The delay of the schedule for the Super LHC experiments postpones the design and production of the front end ASICs for the upgraded detectors. Today it is not obvious if 130nm CMOS technology used now in many research upgrade programs will be still leading edge technology for HEP at the moment of Super LHC. It is therefore reasonable to start evaluation of CMOS technologies below 130nm from the point of view of its usefulness for front end electronics for the future detectors. One of the challenging applications is the development of the front end electronics for silicon trackers where the important issue is very high occupancy impacting final granularity of the system and number of electronic channels. The primary concern is the minimization of power consumption keeping the rest of the analogue parameters like speed, noise and dynamic range as well as radiation resistance at the required levels. Although technology scaling offers many advantages related to increased transconductance and higher ft of the devices, the short channel effects and lower intrinsic gain of the transistor present challenges for the input stages designed for detector capacitances of the order of few pico Farads. In the paper, on the example of the prototype front end implemented in IBM CMOS 90nm process, we identify critical points of such design and give some solution to obtain desired performance of the circuit.
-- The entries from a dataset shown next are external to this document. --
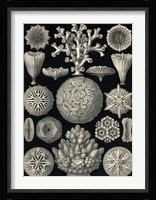 Hexacoralla Fine Art Print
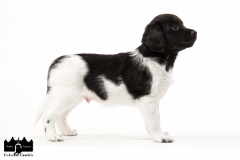 © all rights reserved - Photo by Angela van IJperen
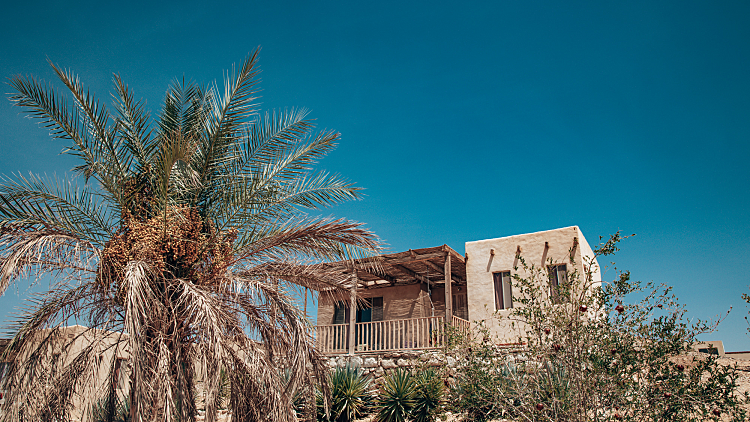 סלינה ערבה. צילום: Magdalena Mariabodzioch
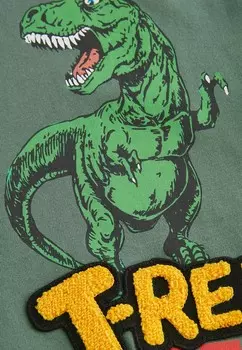 Рубашка с длинным рукавом LONG SLEEVE GRAPHIC Next, зеленый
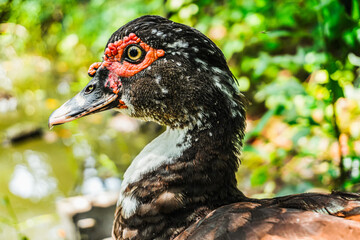 A Curious Gaze: A vibrant Indian Runner duck with its distinctive plumage and bright orange eyes, perched amidst lush green foliage. This close-up photo captures a moment of quiet contemplation.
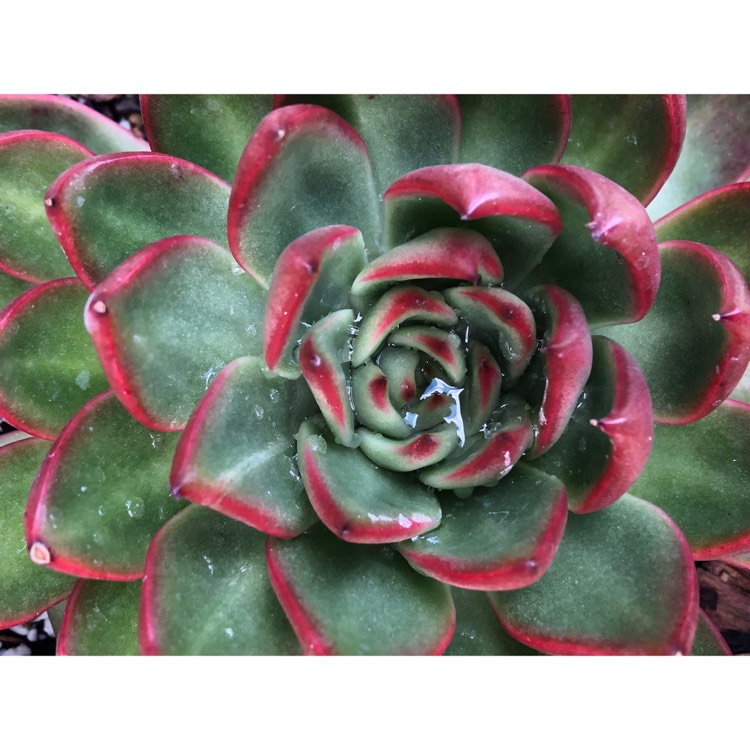 plant image 867035 plant image 867035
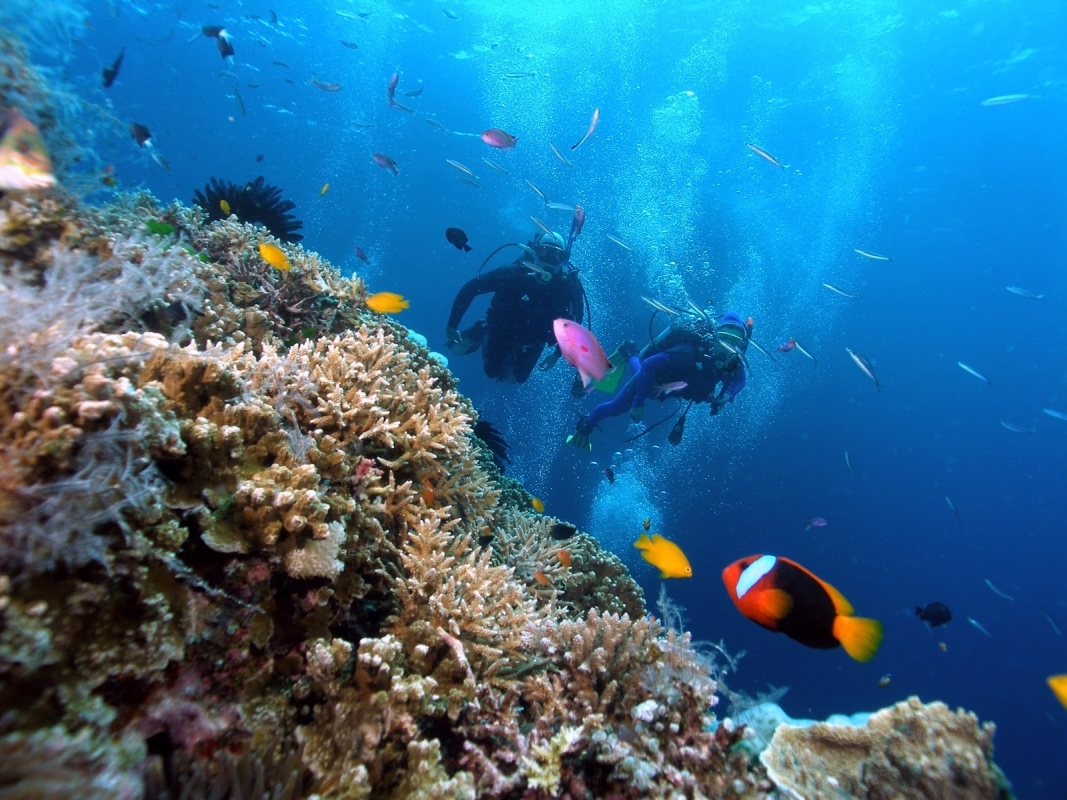 DELUXE ISLAND HOPPING TRIP BY SPEED BOAD IN PHU QUOC ISLAND 7
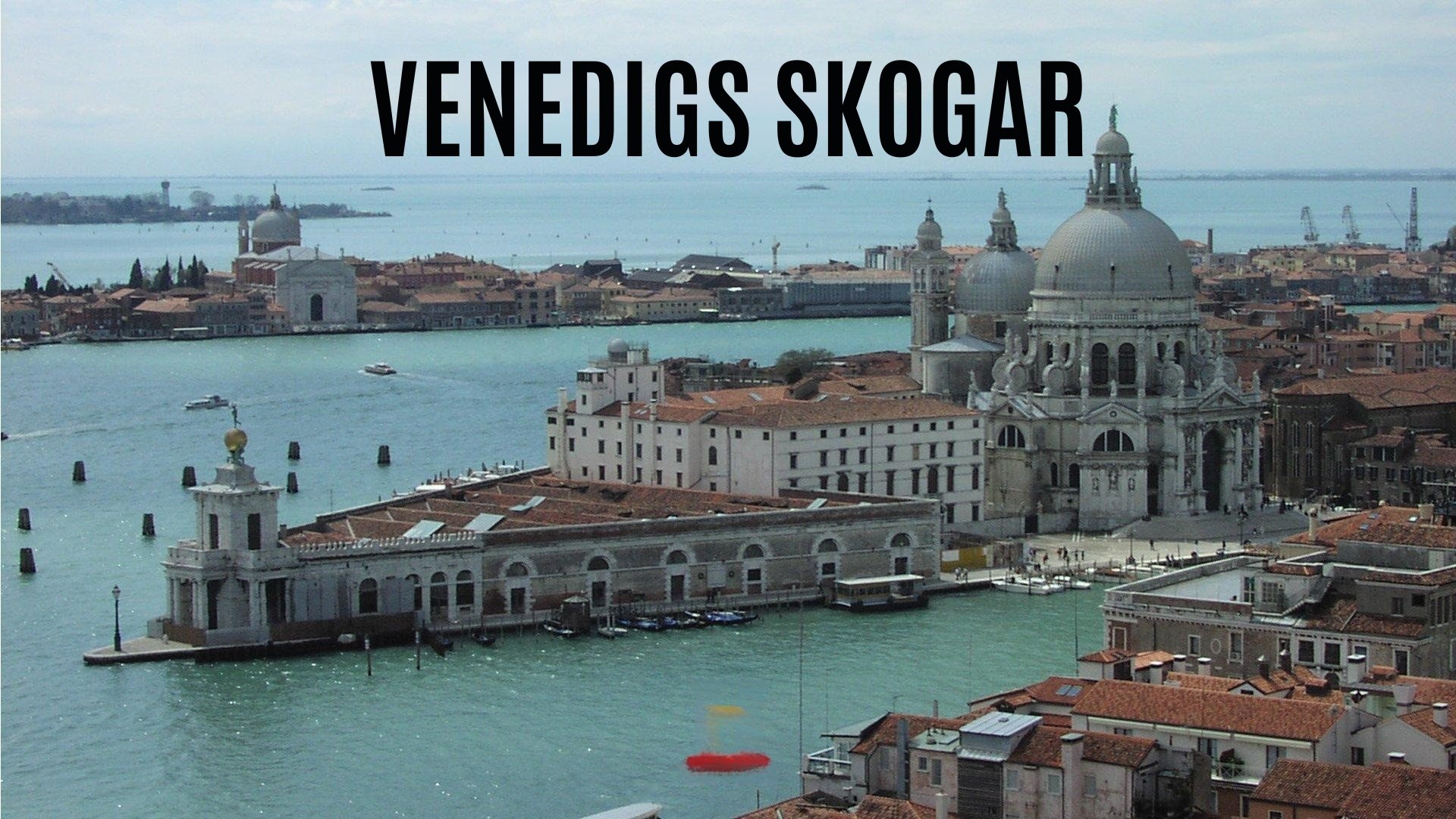 Venedigs skogar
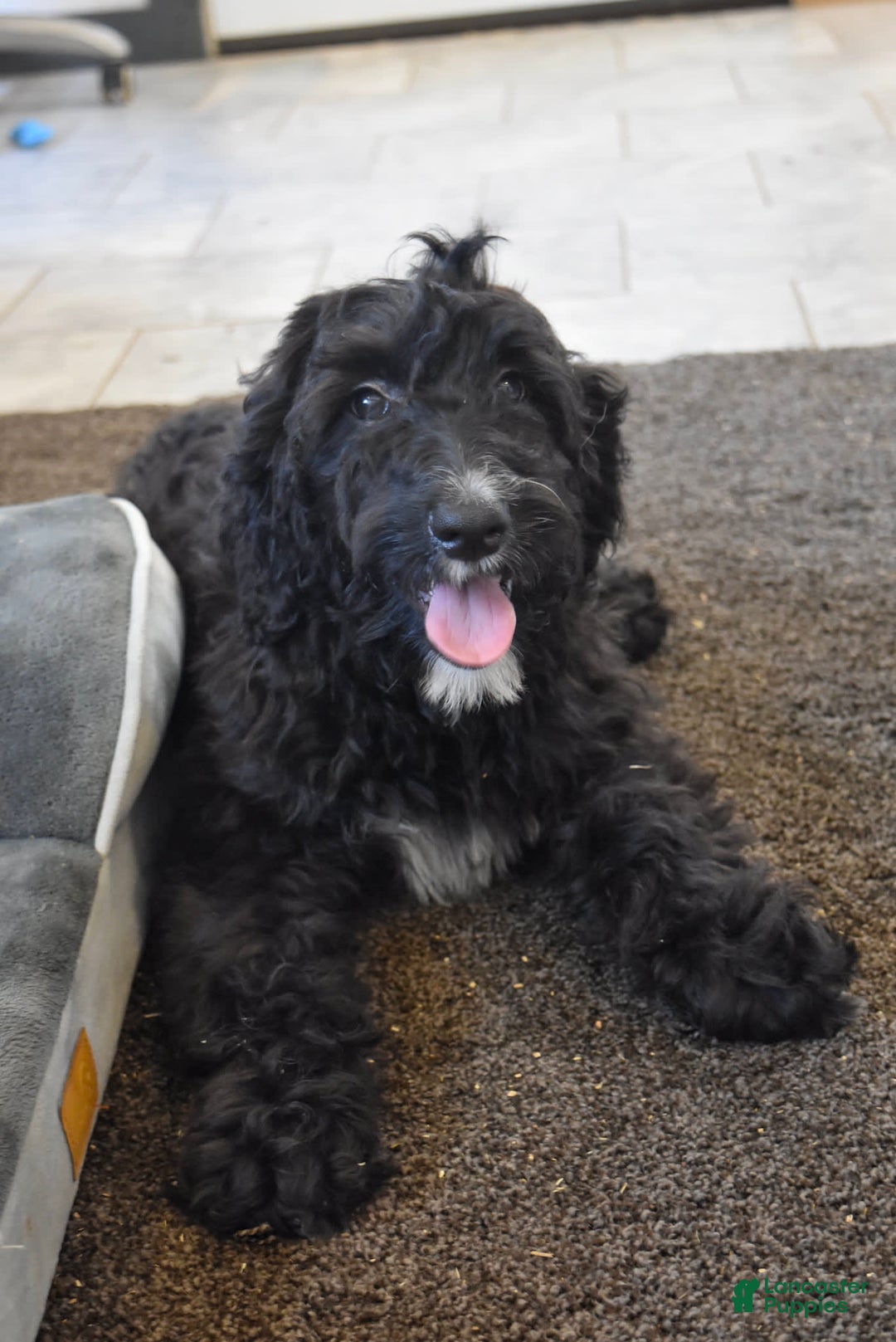 Goldendoodle dogs for sale: Chloe - Image 2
The sixteen channel front end prototype consisting of preamplifiers, shapers and discriminators readout through digital output multiplexer allows for detail study of the gain, noise and speed parameters as well as for the examination of discriminator matching. In addition we implement a test channel permitting for direct analogue measurements of signals at the output of preamplifier, shaper and discriminator stages. The preamplifier stage has been optimized for 5pF input capacitance and it is built with NMOS input transistor employed in regulated cascode structure and loaded with regulated cascode current source. Using this method, with the intrinsic gain of the single transistor around 18V/V, we are able to obtain roughly 70dB open loop gain together with 3.5GHz Gain Bandwidth Product what provide good characteristic of the input impedance and satisfactory Power Supply Rejection Ratio. The intrinsic peaking time of the shaper is 22ns what keeps the time walk of the comparator better than 12ns for 0.25fC signal overdrive. The analogue gain at the discriminator input is around 100mV/fC and the good linearity is kept up to 6fC. Keeping in mind that the power supply in 90nm technology is 1.2V and practically all of the amplifying stages work in cascode configuration the obtained dynamic range is very satisfactory. For the nominal 100uA bias of the input transistor and the front end loaded with 5pF detector capacitance the simulated ENC level is below 800e- what allows for operation with heavily irradiated silicon detectors. The overall nominal current consumed by the full chain is around 180uA what for 1.2V power supply converts to 220uW power consumption in a single channel. The prototype has been submitted to the foundry in February 2010 and it is expected back soon.